**Task to carry out**
Every line from the start of the entries up to and including the one bearing "vivid colors, bokeh" must be printed verbatim, without the pictures.

**Dataset records**
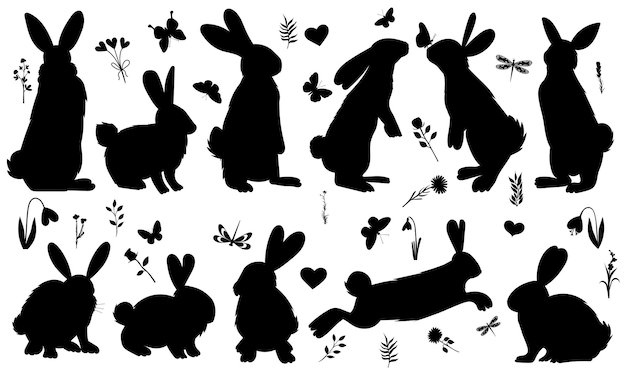 Kaninchen hase silhouette set sammlung auf weißem hintergrund isoliert vektor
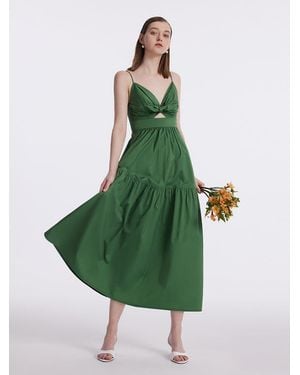 GOELIA Cotton Spaghetti Strap Bowknot Tied Maxi Dress - Green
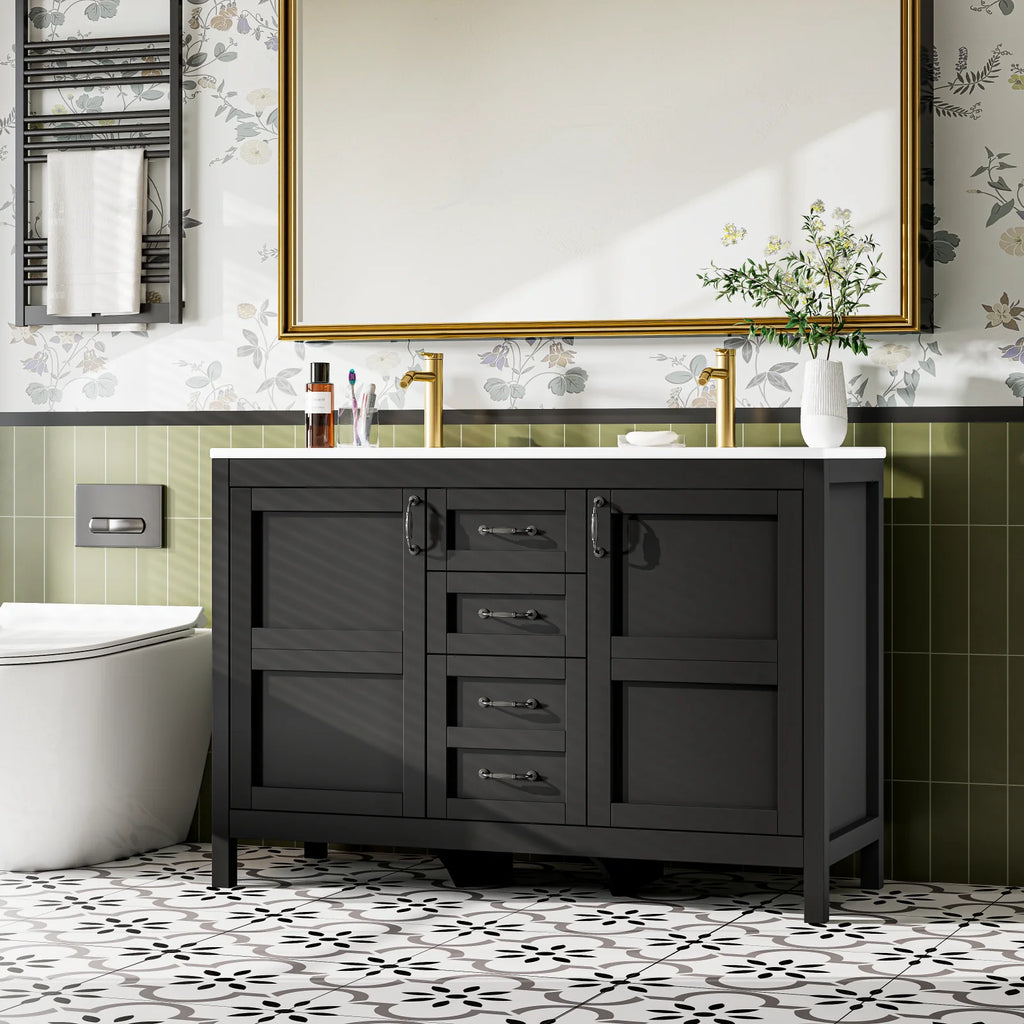 EVOKEDEN 48'' Bathroom Vanity with Sink Combo, Freestanding Farmhouse Thickened Wood Bathroom Storage Cabinet with Undermount Double Sink, 3 Drawers & 2 Soft-Close Doors with Organizers, Black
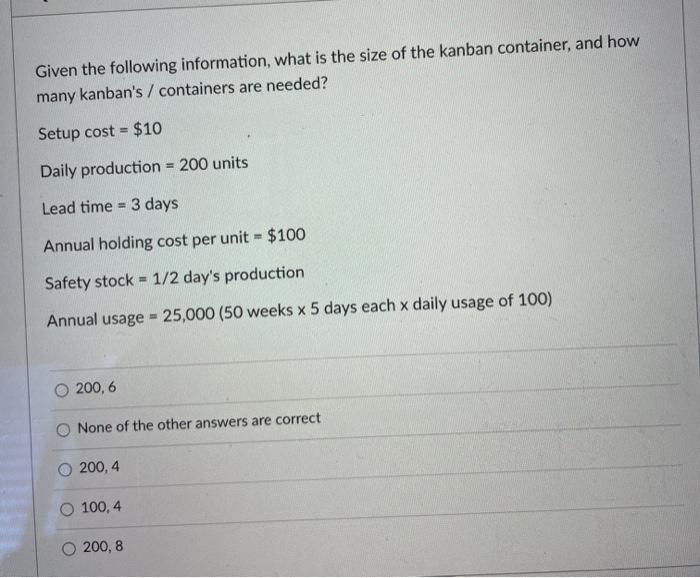 Given the following information, what is the size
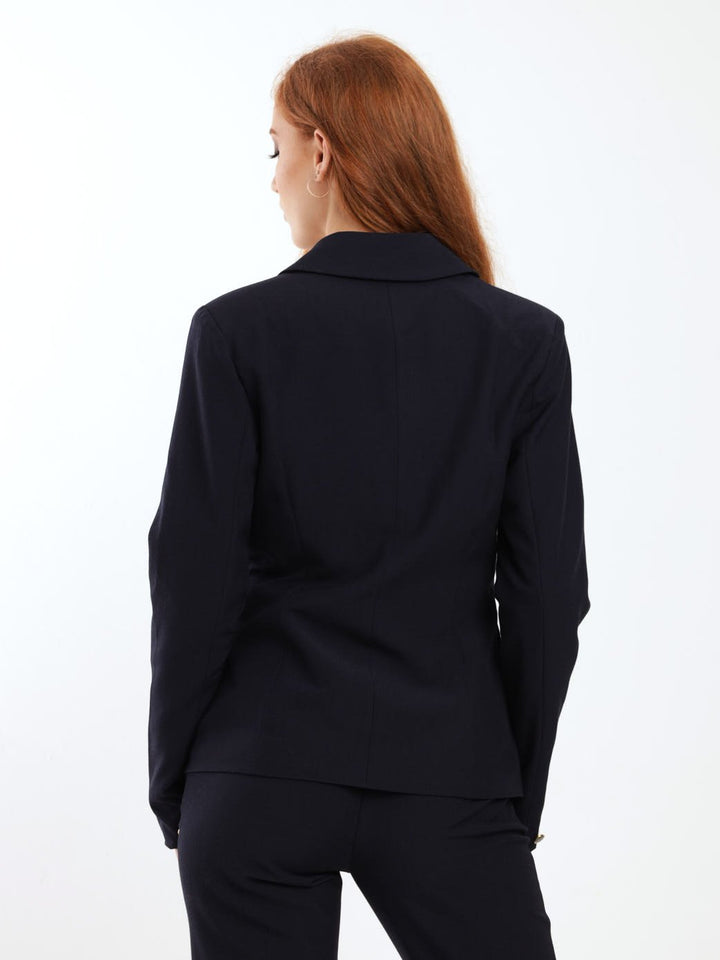 Ladies Gold Button Blazer - Navy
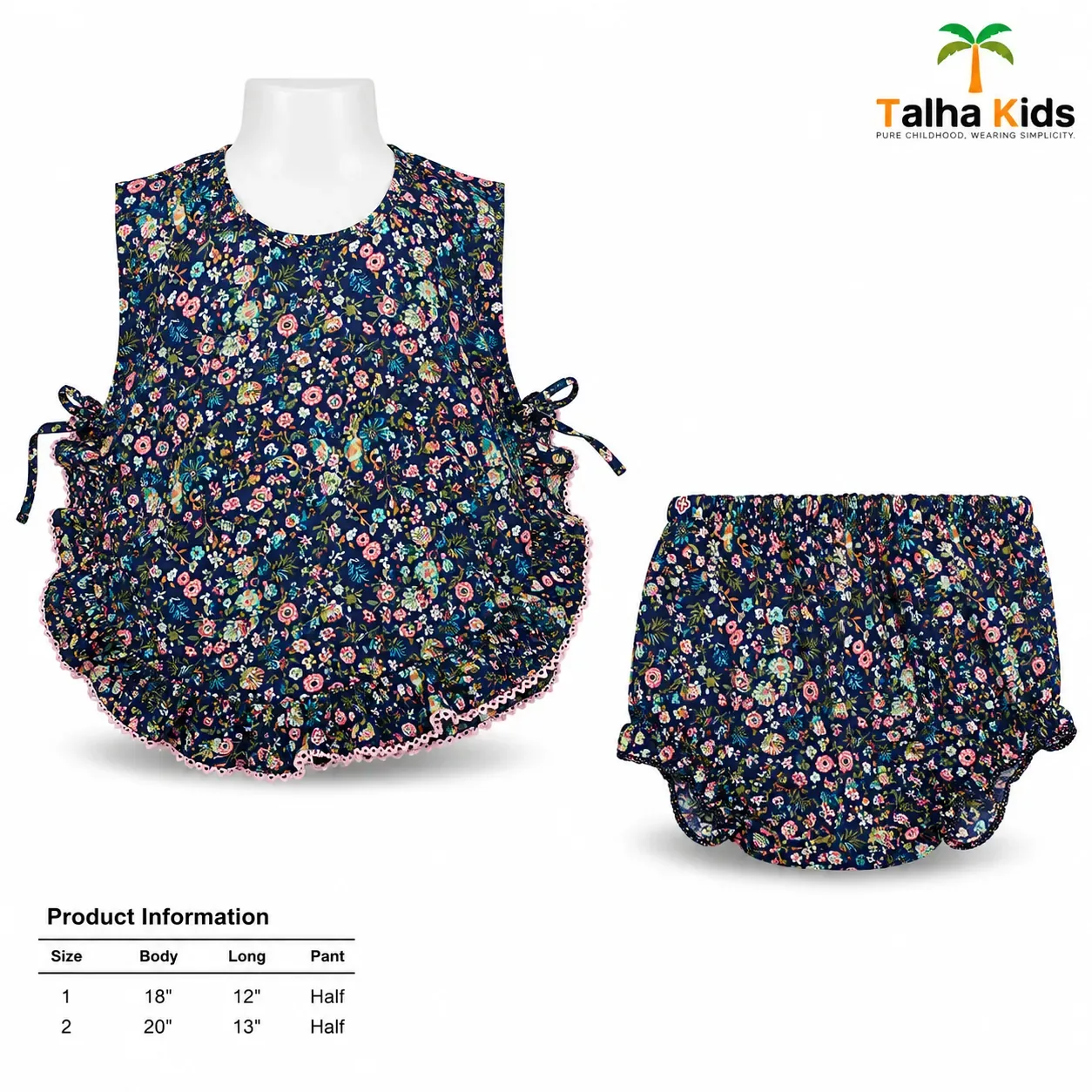 Talha Kids Girls’ Floral Frock with Matching Half Pant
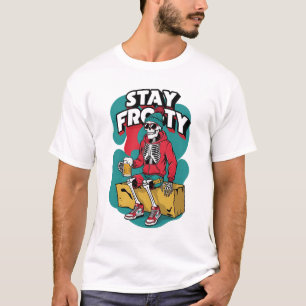 Skelet met bier t-shirt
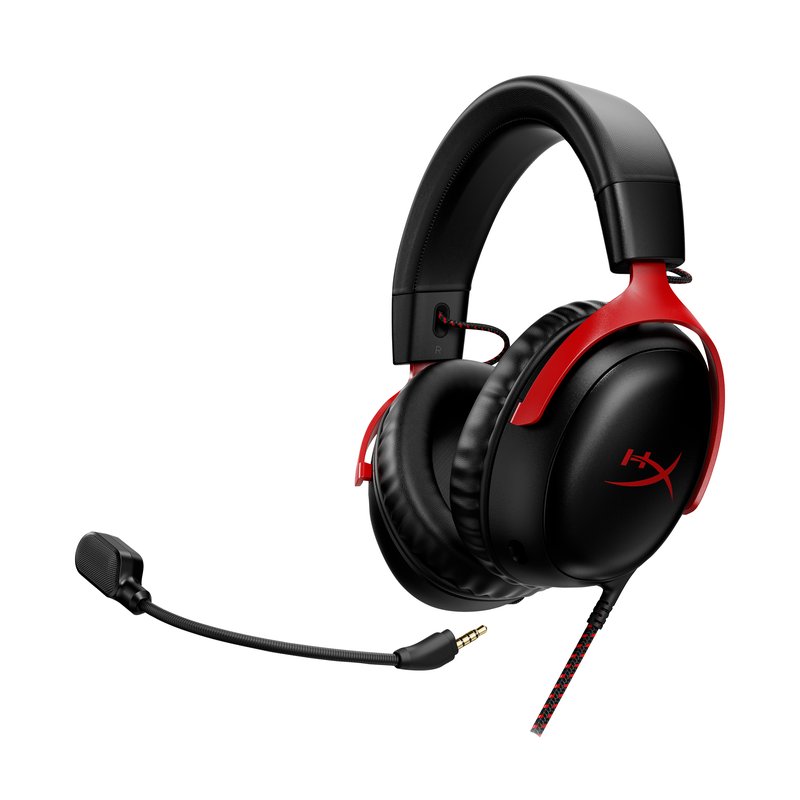 HyperX Cloud III - Gaming Headset (Black/Red) thumbnail 3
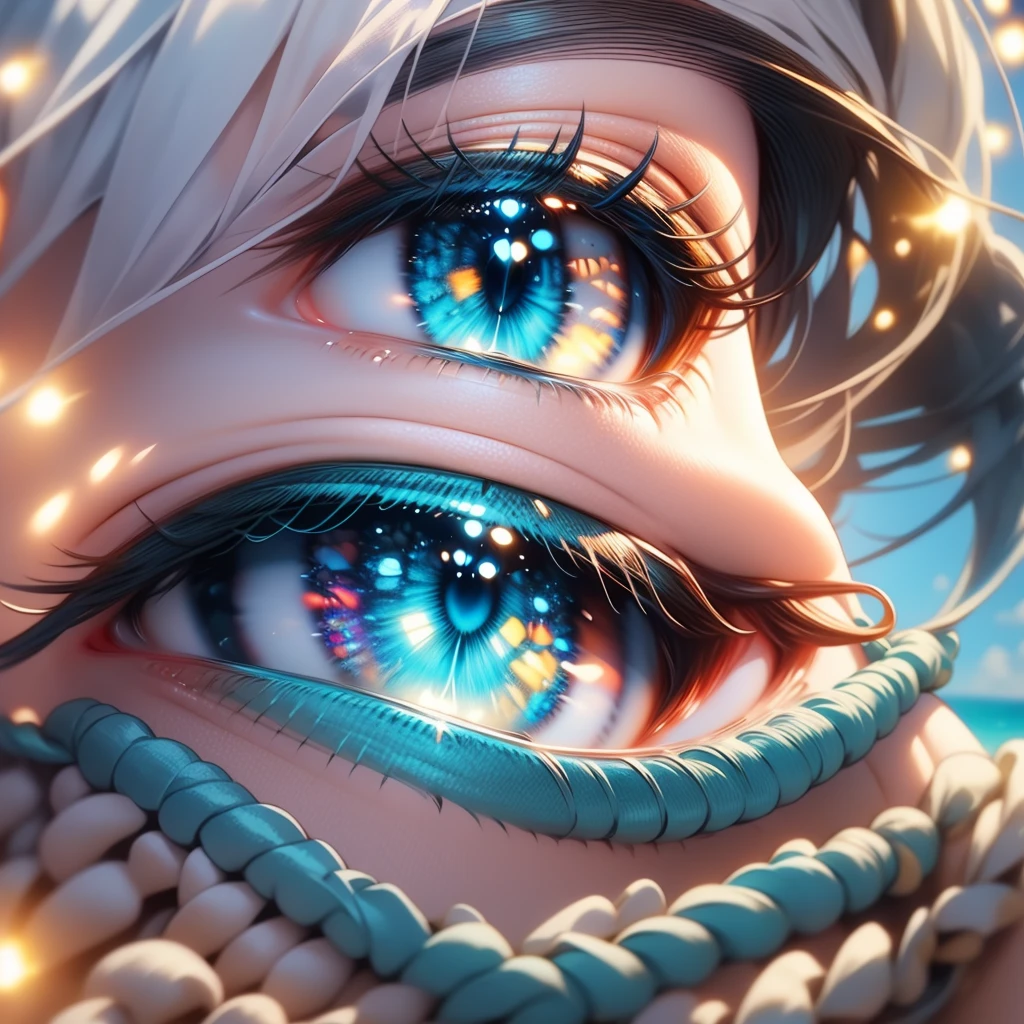 , beautiful detailed eyes, beautiful detailed lips, extremely detailed face and features, pale skin, freckles, gorgeous turquoise eyes, medium breasts, slim waist, medium hips, , blue bikini, beach background, nighttime, fireworks, best quality, 4k, 8k, highres, masterpiece:1.2, ultra-detailed, realistic, photorealistic, photo-realistic:1.37, HDR, UHD, studio lighting, ultra-fine painting, sharp focus, physically-based rendering, extreme detail description, professional, vivid colors, bokeh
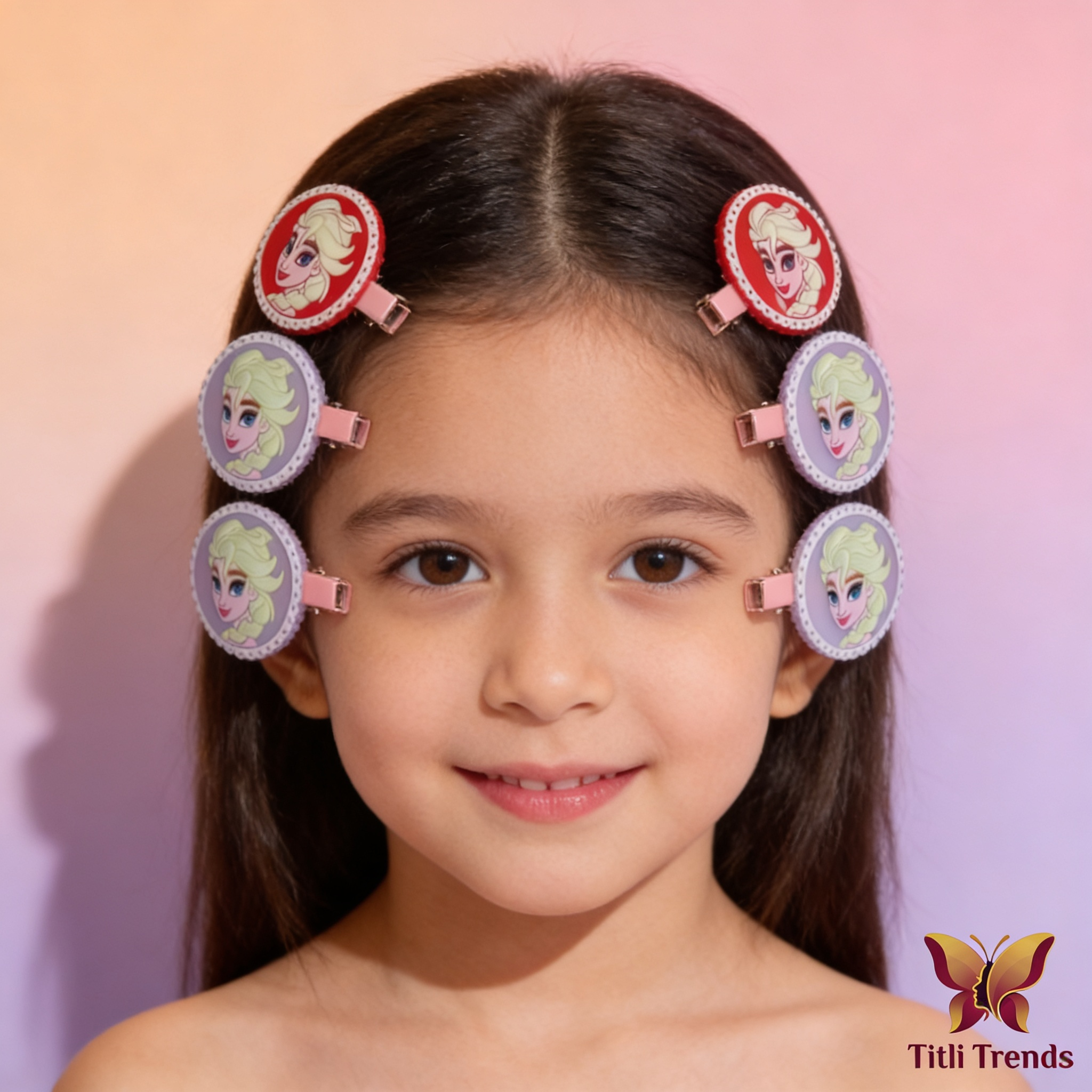 Kids Cartoon Hair Clips Pack of 4 – Cute Princess BB Hair Clips Set for Girls - Image 2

**Result for this exercise**
 Kaninchen hase silhouette set sammlung auf weißem hintergrund isoliert vektor
 GOELIA Cotton Spaghetti Strap Bowknot Tied Maxi Dress - Green
 EVOKEDEN 48'' Bathroom Vanity with Sink Combo, Freestanding Farmhouse Thickened Wood Bathroom Storage Cabinet with Undermount Double Sink, 3 Drawers & 2 Soft-Close Doors with Organizers, Black
 Given the following information, what is the size
 Ladies Gold Button Blazer - Navy
 Talha Kids Girls’ Floral Frock with Matching Half Pant
 Skelet met bier t-shirt
 HyperX Cloud III - Gaming Headset (Black/Red) thumbnail 3
 , beautiful detailed eyes, beautiful detailed lips, extremely detailed face and features, pale skin, freckles, gorgeous turquoise eyes, medium breasts, slim waist, medium hips, , blue bikini, beach background, nighttime, fireworks, best quality, 4k, 8k, highres, masterpiece:1.2, ultra-detailed, realistic, photorealistic, photo-realistic:1.37, HDR, UHD, studio lighting, ultra-fine painting, sharp focus, physically-based rendering, extreme detail description, professional, vivid colors, bokeh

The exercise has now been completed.